Malcolm Cowley Archive. Book, 3 Letters, 2 Post Cards, Photo Signed

Book: The View from 80. By Malcolm Cowley. The Viking Press. New York. (1980). (First Printing). xv,74 pages. 8-1/4 inches. Dust jacket. Edge tears to the dust jacket, lightly used. - - - Inscribed on the front end page: “For Betty S. Cox Ph. D. / In memory of a pleasant correspondence and now to welcome her – a little prematurely – to our select society. / Malcolm Cowley / December 1984.”

Photograph: Young Malcolm Cowley. 3-1/4 x 2-5/8 inches. Inscribed on the reverse side, in ink: “For Betty Cox / An old photograph, abou ’52, but the only small one I have. / Malcolm Cowley.”

Typed Letter Signed (TLS): Malcolm Cowley. Sherman, Conn. December 18, 1962. To: Betty (S. Cox). Signed: “Malcolm.” 1 page. 11 x 8-1/2 inches. In Part: Sympathy to Betty Cox on the loss of a child; encouragement on her dissertation on MC and other options;  his recent writings, i.e. Black Cargoes and essays for the Saturday Review & Sewanee (Review).

Typed Letter Signed (TLS): Malcolm Cowley. Sherman, Conn. November 15, 1969. To: Betty Cox. Signed: “Malcolm Cowley.” 1 page. 9-3/4 x 7-3/4 inches. In Part: …I have spoken several times at Duke, Chapel Hill North Carolina State, and once at Wake Forrest … North Carolina, a pleasant state. Mentions books: Think Back On Us & A Many Windowed House. Hawthorne to Ezra Pound. “The Long Voyage: A Study of the Poetry of Malcolm Cowley.”  Another bibliography (of Malcolm Cowley) 173 manuscript pages.

Post Card Signed. Malcolm Cowley. Oct. 30, 1960. To: Mrs. Cox. Signed: “Malcolm Cowley.” In Part: “…months without items to add to your bibliography – I’ve been teaching, reading, & that’s all..”

Post Card Signed. Malcolm Cowley. July 22, 1968. To: Betty (Cox). Signed: “Malcolm Cowley.” In Part: “…My poems are coming out in November -  Blue Juniata: Collected Poems (Viking) …”

Typed Letter Signed (TLS): Malcolm Cowley. Sherman, Conn. November 24, 1984. To: Mr. Charles W. Cox. Signed: “Malcolm Cowley.” 1 page. 9-3/4 x 7-3/4 inches. Signature smudged. In Part: “The inscribed books go off by priority mail… My best regards to Betty. I had pleasant correspondence with her when she was doing her master’s thesis…”

Copy of a note typed by Betty S. Cox (1 page) (4/18/2001) with seven crudely copied pages (Xerox copy, stapled) of from “The Portable Malcolm Cowley” mentioning Cowley and his Communist-sympathetic views.

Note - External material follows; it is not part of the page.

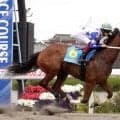 【浦和競馬】「牝馬ですがパワーがある」笹川翼騎手騎乗のオーキッドティアラが逃げ切り新馬勝ち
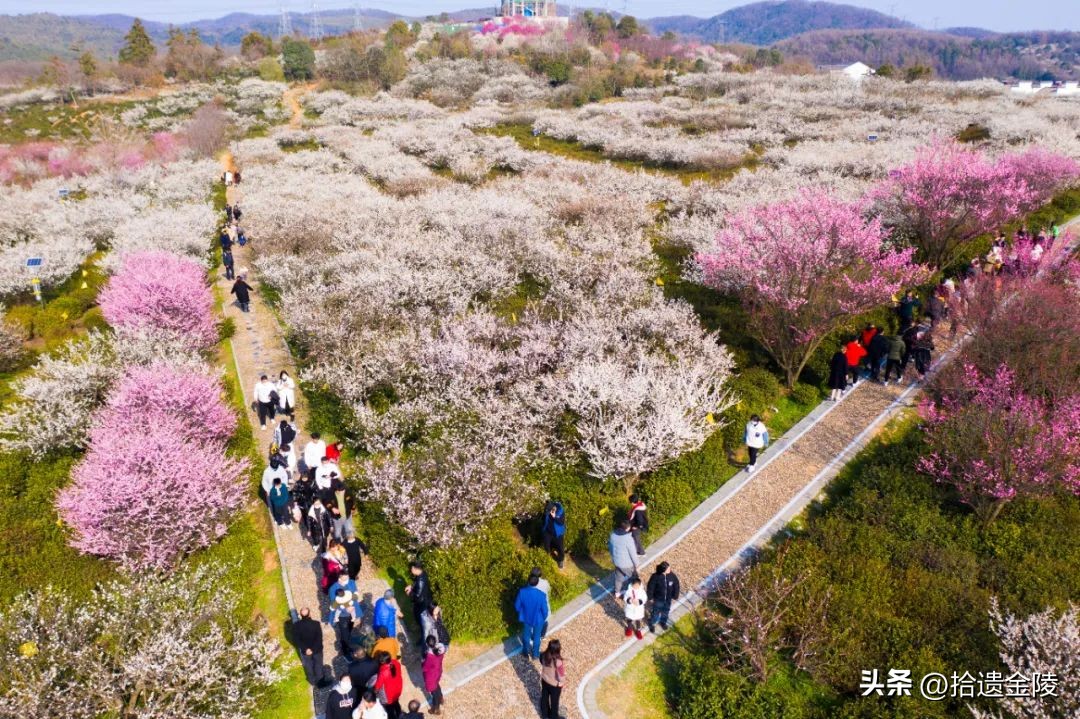 南京红梅花价格,南京的梅花是什么样的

In Part: “…Malcolm Cowley’s letter-reply to my question put to him about how he regarded those years when he was regarded as a Communist-sympathetic. / That letter-reply is shown here within the Portable Cowley pages sent me by a lady in the West… But we became friends…” re: Mrs Ruth Nuzum of Boulder Colorado.

Typed Letter Signed (TLS): Mrs. Wayne B. Nuzum. May 8. Signed: “Ruth: To: Mrs. (Betty) Cox. 1 page. 10-1/2 x 7-5/8 inches. Concerning M.C. (Malcolm Cowley).

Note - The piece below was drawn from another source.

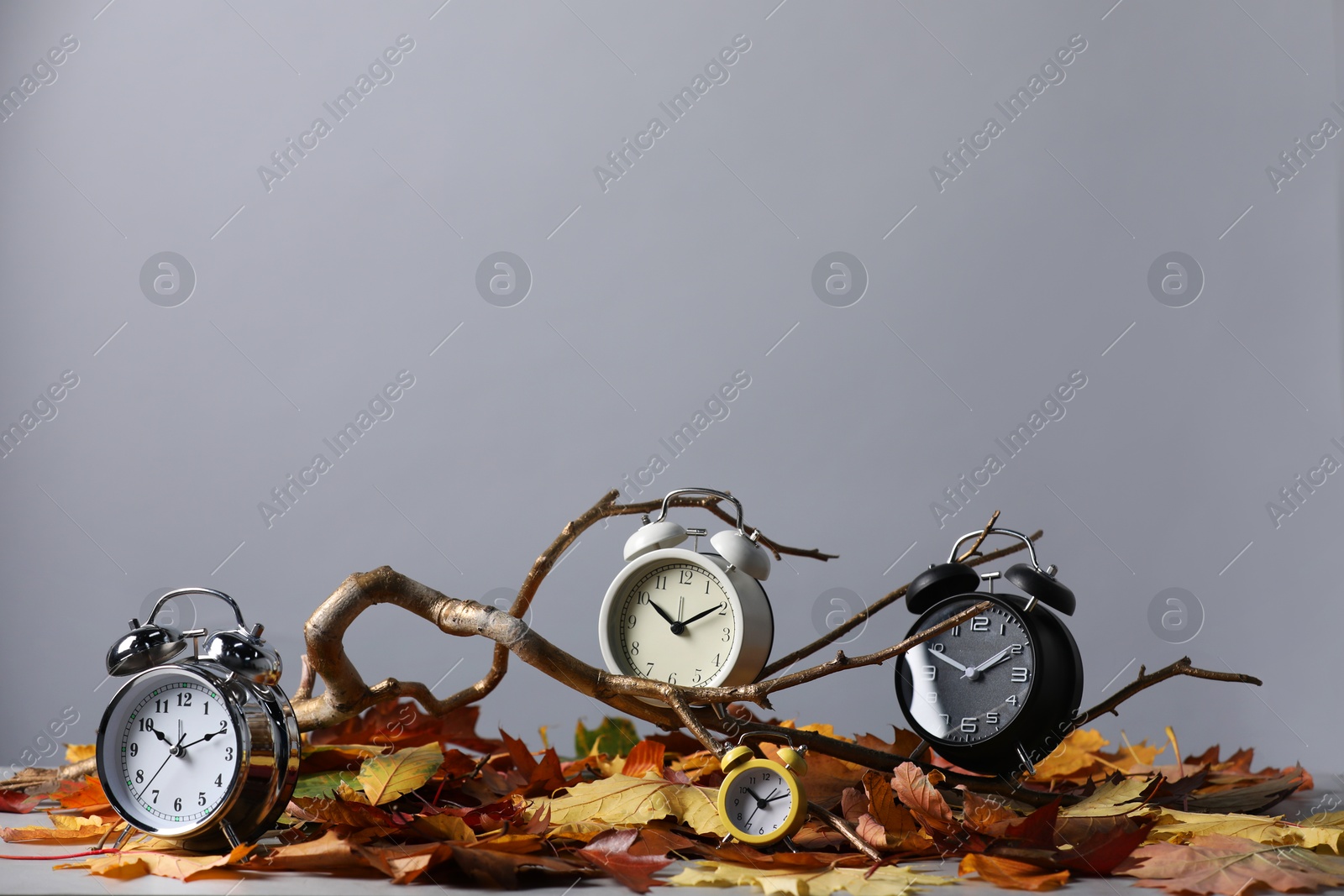 Photo of Alarm clocks, branch and dry leaves on light grey background, space for text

Typed Letter Signed (TLS): Mrs. Wayne B. Nuzum. July 16, 1984. Signed: “Ruth: To: Betty (Cox). 1 page. 10-1/2 x 7-5/8 inches. With envelope. In Part: “Diane Eisenberg’s MC (Malcolm Cowley) checklist (1973) update & her visit with Malcolm… (Cowley) is such a dear and gentleman, I love him…”

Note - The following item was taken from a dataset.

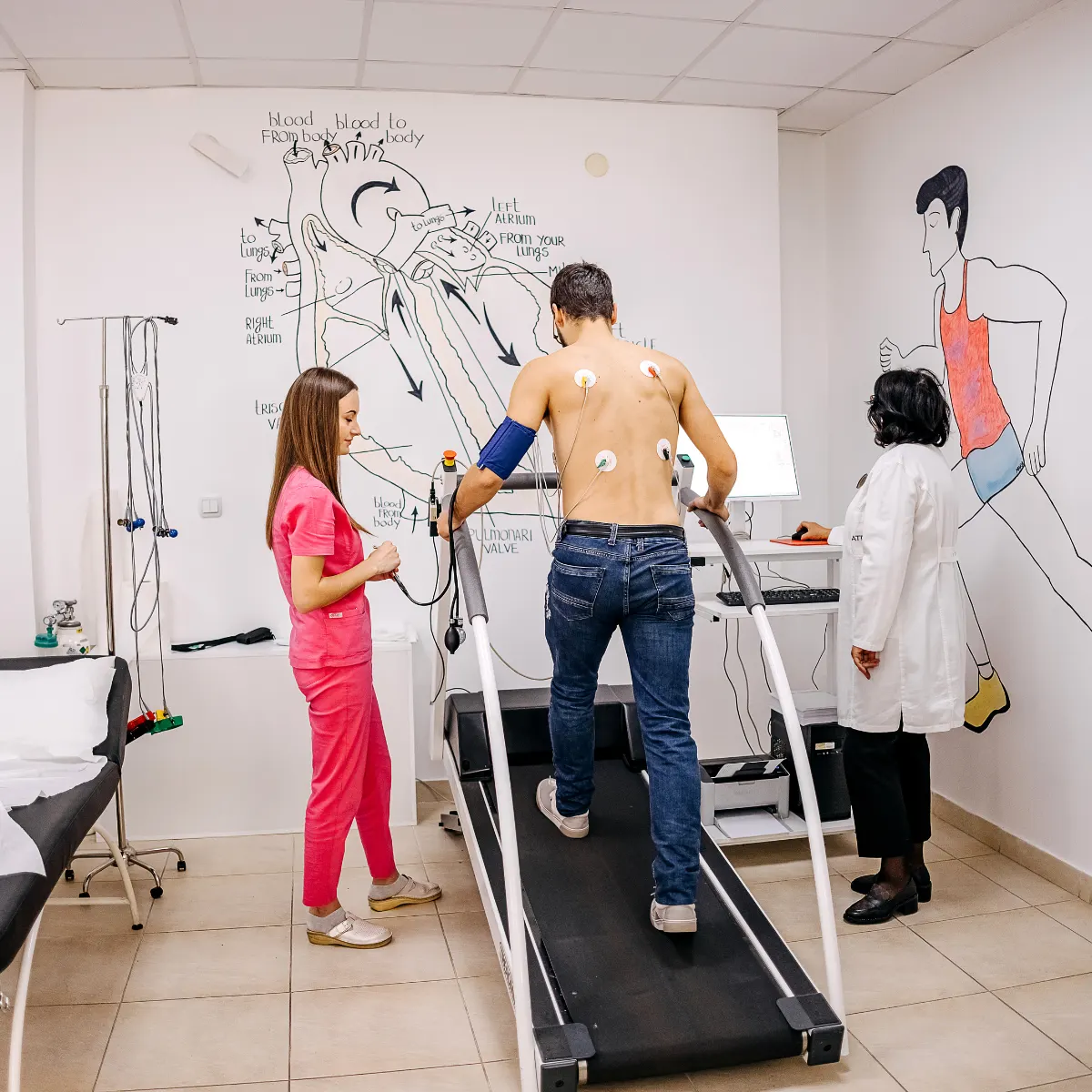 Prueba de esfuerzo cardiovascular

Copy of Yankee Magazine article on Malcolm Cowley. March 1983. 7 pages (Xerox copy, stapled) that include the cover and 8 pages that contain the complete article. With manuscript note signed “BSC” (Betty S. Cox) in red ink, with notation and extensive underlining throughout.

Copy of Blair & Ketchum’s Country Journal article on Malcolm Cowley. October 1983. 10 pages (Xerox copy, stapled). With manuscript note signed “BSC” (Betty S. Cox) in red ink, with notation and extensive underlining.

Partial copy of “Invention from Knowledge: The Hemingway-Cowley Correspondence.” From James Nagel’s Ernest Hemingway: Writer in Context. Some 37 pages printed on 19 (Xerox copy, stapled). Unsigned note and underlining by Betty Cox.

Historical Note:

- - - Malcolm Cowley, a literary critic, historian, editor, poet and essayist who was best known for being the most trenchant chronicler of the so-called Lost Generation of post-World War I writers. … Mr. Cowley notably championed the work and advanced the careers of the post-World War I writers who sundered tradition and fostered a new era in American literature. He seldom included himself as a leading player in that famed company of authors who used Paris at one time or another as a base of operations and whose creativity came to fruition in the 1920's. But he was at the hub of activity and could at least be counted as an important figure even among such writers as Ernest Hemingway, William Faulkner, F. Scott Fitzgerald, John Dos Passos, Hart Crane, E. E. Cummings, Thornton Wilder and Edmund Wilson. … He possessed a strong sense of ironic detachment in assessing literature, which made him a valued editor at The New Republic and, from the mid-1940's, at Viking Press, the publishing house at which he worked part time until the spring of 1985, when he was 86. It was Mr. Cowley who rescued William Faulkner from possible early oblivion and who discovered John Cheever and goaded him to write. Later he championed such uncommon writers as Jack Kerouac, Allen Ginsberg, and Ken Kesey. …– New York Times, Obituary, March 29, 1989. “Malcolm Cowley, Writer, Is Dead at 90.”